Никто не будет скорбеть о Линнетт, кроме Пола, который посвятит остаток жизни борьбе за ужесточение моего приговора. Я буду чахнуть в тюрьме, медленно теряя рассудок, перестану разговаривать с людьми и только иногда буду рыдать и кричать: «Кексик!» Какой-нибудь мягкосердечный посетитель сжалится надо мной и принесет мне кусочек фруктового десерта, и не сможет понять, почему я брошу его на пол и начну топтать ногами, продолжая призывать Кексика, моего единственного друга, который мог бы спасти меня, если бы умел говорить…
— Что? — рявкнул Пол.
— Если бы только он умел говорить, — повторила я, с удивлением обнаружив, что говорю вслух. — Кексик. Он бы сказал тебе, что я не давала ему яда.
— Извини, Элли. Коты не умеют говорить, — резко сказал он, поднимаясь на ноги. — Потому-то ты и попробовала на нем эту дрянь, да?
Я уставилась на него:
— Пол! Но ты же не думаешь?…
— Я пойду, — отрезал он.
Гундосая Николя, кажется, удивилась, услышав мой голос.
— Ах, да! Элли! — сказала она, как будто забыла, кто я такая. — Как дела? Вы… э-э… повредили спину или что-то в этом роде, да?
— Нет. У меня был стресс, — твердо ответила я, страстно желая добавить «от переутомления на работе», но не осмеливаясь сделать это.
— Ах, да. Ну и как ваш стресс?
Она не могла бы говорить менее заинтересованно, даже если бы постаралась. Возможно, Саймон как раз целует ее в ушко.
— Мне уже лучше, спасибо, — с достоинством ответила я. — Я выйду на работу в понедельник.
— Правда? Вы уверены?
Мне не понравился ее тон. Они должны были ожидать моего возвращения. Три недели как раз истекали.
— Конечно, я уверена, — сказала я, стараясь придать своему голосу оптимизм.
— А доктор вас уже выписал?
— Он сделает это завтра. Я иду на прием утром. Так что ждите меня в понедельник.

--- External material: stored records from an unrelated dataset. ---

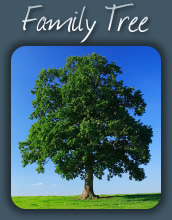 Family Tree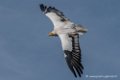 percnoptere-d500_8499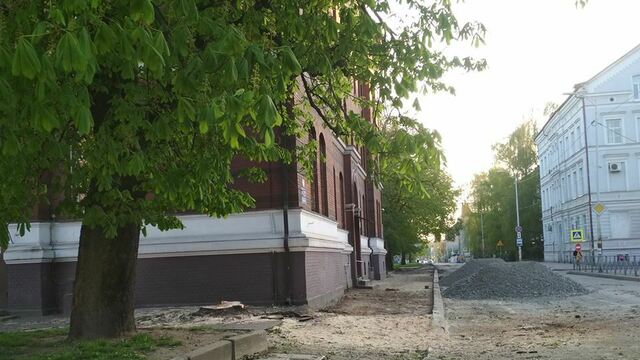 В Калининграде на ул. Фрунзе срубили вековой каштан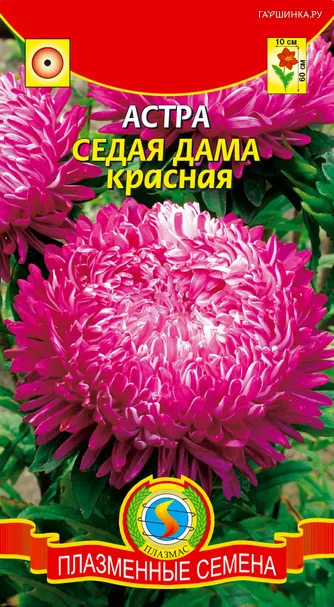 Астра Седая дама ц.п. 0,2 гр
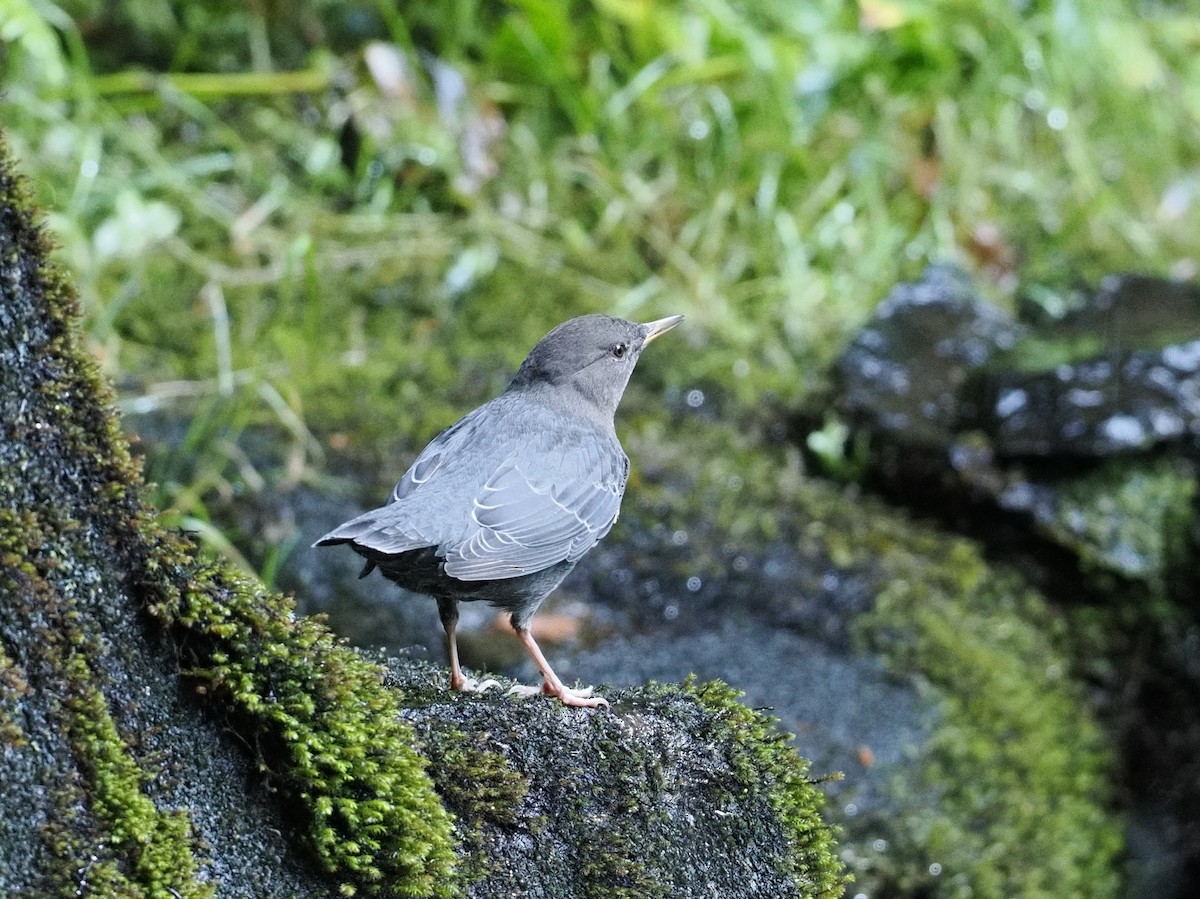 skorec šedý - ML644373745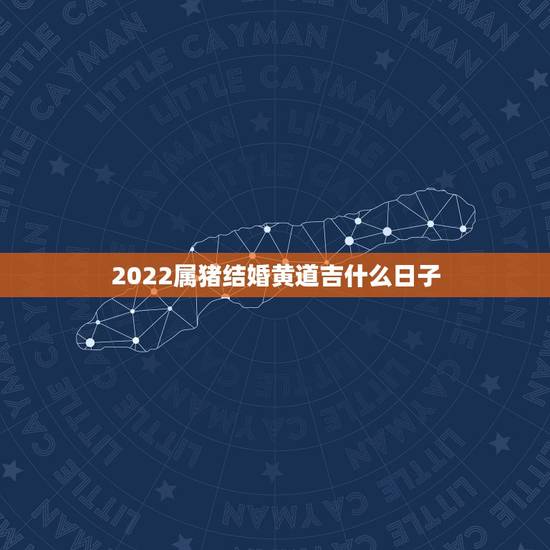 2022属猪结婚黄道吉什么日子,1995年属猪姻缘 2022属猪结婚黄道吉什么日子,1995年属猪姻缘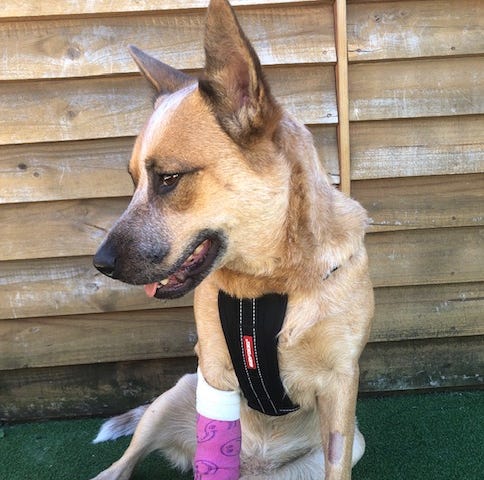 Chilli with her pressure bandage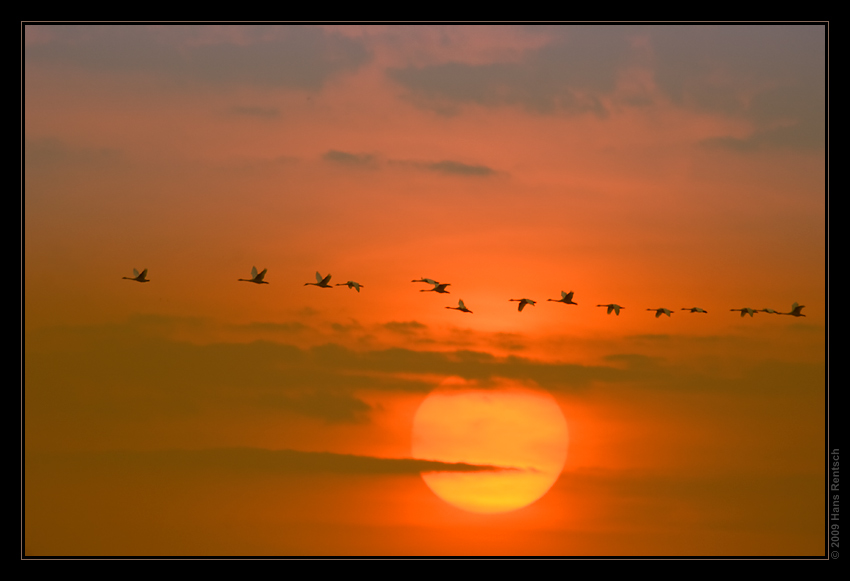 Sonnenaufgang mit Schwänen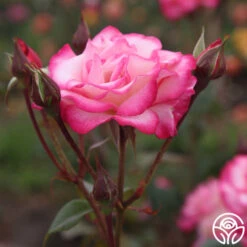 Handel 8 Handel -RoseLuxe Shop handel logo 04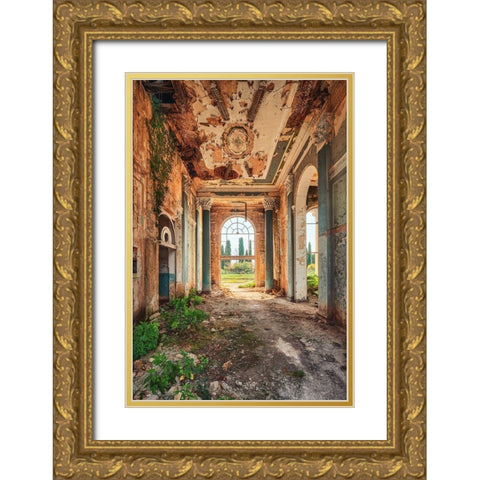 Terminus Gold Ornate Wood Framed Art Print with Double Matting by Haker, Matthias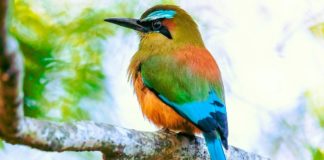 An Exclusive Realm From a Bird’s-Eye View Un mundo exclusivo… a vista de pájaro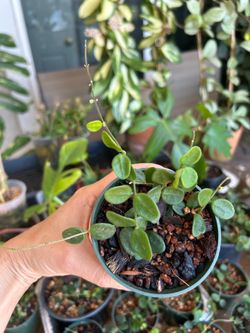 Hoya Serpens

— Тогда окажите мне одну услугу, Элли. Позвоните еще раз, когда придете от доктора, хорошо? — Николя говорила мягким, низким голосом, как будто имела дело с ребенком, страдающим глухотой. — Тогда мы все обсудим.
Все обсудим? Что обсудим? И какого черта я загнала себя в ситуацию, когда мне приходится что-то обсуждать с жалкой секретаршей?
— Мне бы хотелось поговорить с Саймоном, — твердо заявила я. — Немедленно.
Если только он в силах вылезти из-под твоей юбки.
— Извините, Элли, — ласково пропела Гундосая Николя. — Его сейчас нет на месте.
Ну конечно.
— В таком случае, я позвоню ему позже, — сказала я.
— Да, так будет лучше всего. Позвоните, когда повидаетесь с доктором. Хорошо, Элли? Тогда и обсудим всё как следует.
Остаток дня я потратила на обдумывание вопроса, что такое «всё» и почему его нужно обсуждать «как следует». В конце концов, я не выдержала и позвонила по прямому номеру в мой собственный кабинет.
Лиз с удовольствием успокоит меня и уверит, что ничего страшного не происходит. Она, по крайней мере, будет счастлива услышать, что мне уже лучше. Она будет ждать моего возвращения на работу, верно ведь? Я улыбнулась, уже предвкушая ее радость.